● WHAT YOU SHOULD DO
Below are some records; quote exactly the lines from the one that contains "Low-Budget Repairs Demo" through the one that contains "OPUS | Camiseta SIRUKUS STRUCTURE | Oliva", inclusive, and no others.

● RECORDS FOR THE EXERCISE
##########
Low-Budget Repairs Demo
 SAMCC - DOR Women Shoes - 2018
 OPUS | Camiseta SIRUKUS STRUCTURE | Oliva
##########
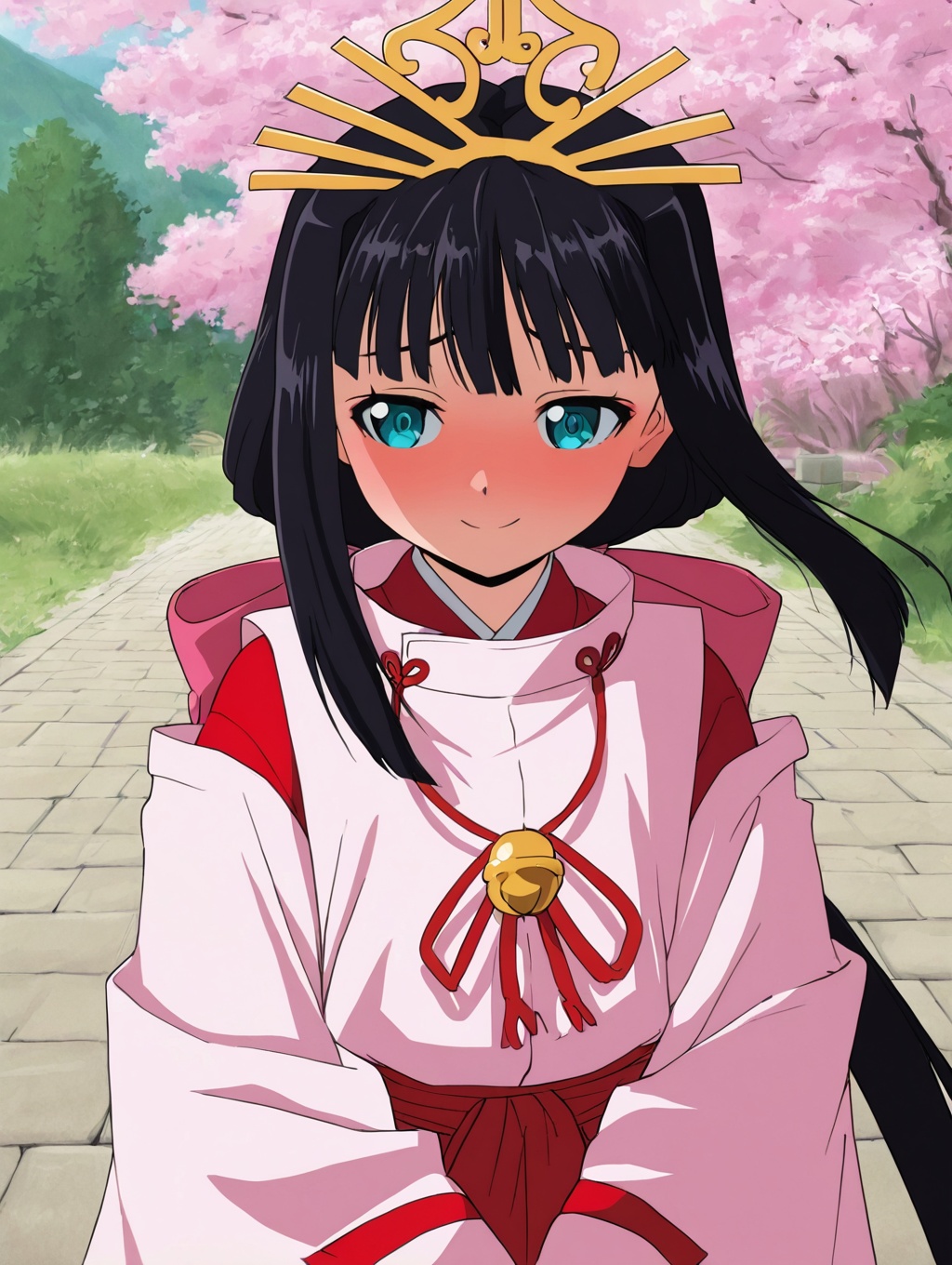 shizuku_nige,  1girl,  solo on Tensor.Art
##########
● WRITTEN RESPONSE
Low-Budget Repairs Demo
 SAMCC - DOR Women Shoes - 2018
 OPUS | Camiseta SIRUKUS STRUCTURE | Oliva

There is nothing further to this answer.